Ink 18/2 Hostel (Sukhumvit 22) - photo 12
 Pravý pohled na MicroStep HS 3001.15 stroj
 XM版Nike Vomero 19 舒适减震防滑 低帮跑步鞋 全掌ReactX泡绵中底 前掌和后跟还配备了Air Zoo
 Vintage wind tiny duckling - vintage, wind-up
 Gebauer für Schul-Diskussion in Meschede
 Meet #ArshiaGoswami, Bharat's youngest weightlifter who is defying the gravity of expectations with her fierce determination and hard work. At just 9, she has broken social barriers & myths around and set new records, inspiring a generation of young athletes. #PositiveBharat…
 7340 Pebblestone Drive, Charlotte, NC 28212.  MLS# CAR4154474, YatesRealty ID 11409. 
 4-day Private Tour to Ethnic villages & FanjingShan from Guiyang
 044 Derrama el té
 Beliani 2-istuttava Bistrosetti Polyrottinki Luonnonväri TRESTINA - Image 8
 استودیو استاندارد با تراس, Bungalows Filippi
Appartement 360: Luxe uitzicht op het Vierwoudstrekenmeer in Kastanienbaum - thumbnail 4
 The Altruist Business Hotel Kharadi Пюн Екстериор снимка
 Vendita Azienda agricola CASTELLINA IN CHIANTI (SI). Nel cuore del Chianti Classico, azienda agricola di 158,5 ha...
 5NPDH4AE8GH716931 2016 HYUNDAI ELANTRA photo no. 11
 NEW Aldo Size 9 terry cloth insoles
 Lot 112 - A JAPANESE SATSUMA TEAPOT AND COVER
· · · · ·
■ About this task ■
Transcribe only what runs from the line with "Meet #ArshiaGoswami, Bharat's" to the last line above, keeping every line exactly as written.

■ Answer for this exercise ■
 Meet #ArshiaGoswami, Bharat's youngest weightlifter who is defying the gravity of expectations with her fierce determination and hard work. At just 9, she has broken social barriers & myths around and set new records, inspiring a generation of young athletes. #PositiveBharat…
 7340 Pebblestone Drive, Charlotte, NC 28212.  MLS# CAR4154474, YatesRealty ID 11409. 
 4-day Private Tour to Ethnic villages & FanjingShan from Guiyang
 044 Derrama el té
 Beliani 2-istuttava Bistrosetti Polyrottinki Luonnonväri TRESTINA - Image 8
 استودیو استاندارد با تراس, Bungalows Filippi
Appartement 360: Luxe uitzicht op het Vierwoudstrekenmeer in Kastanienbaum - thumbnail 4
 The Altruist Business Hotel Kharadi Пюн Екстериор снимка
 Vendita Azienda agricola CASTELLINA IN CHIANTI (SI). Nel cuore del Chianti Classico, azienda agricola di 158,5 ha...
 5NPDH4AE8GH716931 2016 HYUNDAI ELANTRA photo no. 11
 NEW Aldo Size 9 terry cloth insoles
 Lot 112 - A JAPANESE SATSUMA TEAPOT AND COVER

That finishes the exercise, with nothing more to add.